EXERCISE INSTRUCTIONS: Among the lines below, a stretch begins at the one with "Item thumbnail for" and ends at the one with "(Ar:Co – Arquitetura Cooperativa).". Repeat that stretch exactly, ends included.
RECORDS FOR THIS TASK below:
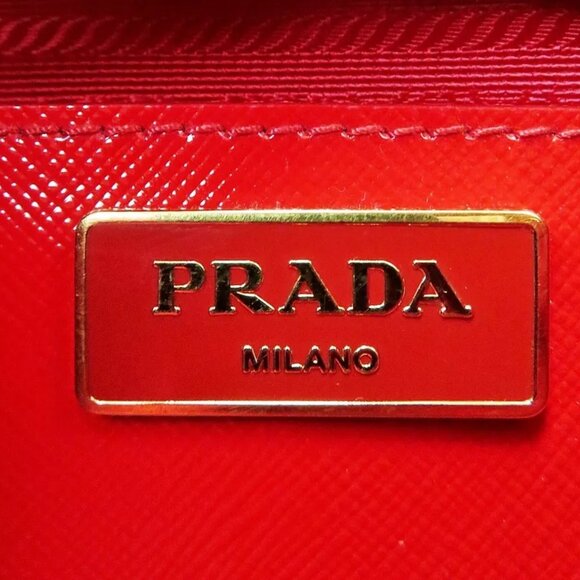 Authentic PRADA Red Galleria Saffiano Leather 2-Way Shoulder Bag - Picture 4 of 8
End of RECORDS FOR THIS TASK.
RECORDS FOR THIS TASK below:
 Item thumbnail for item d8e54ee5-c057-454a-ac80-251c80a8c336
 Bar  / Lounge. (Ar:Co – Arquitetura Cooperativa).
End of RECORDS FOR THIS TASK.
RECORDS FOR THIS TASK below:
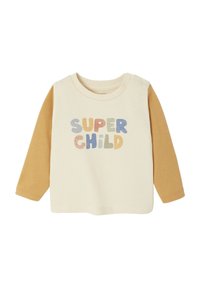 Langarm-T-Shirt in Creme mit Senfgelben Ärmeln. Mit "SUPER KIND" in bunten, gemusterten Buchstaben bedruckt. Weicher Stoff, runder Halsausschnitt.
End of RECORDS FOR THIS TASK.
OUTPUT BELOW:
 Item thumbnail for item d8e54ee5-c057-454a-ac80-251c80a8c336
 Bar  / Lounge. (Ar:Co – Arquitetura Cooperativa).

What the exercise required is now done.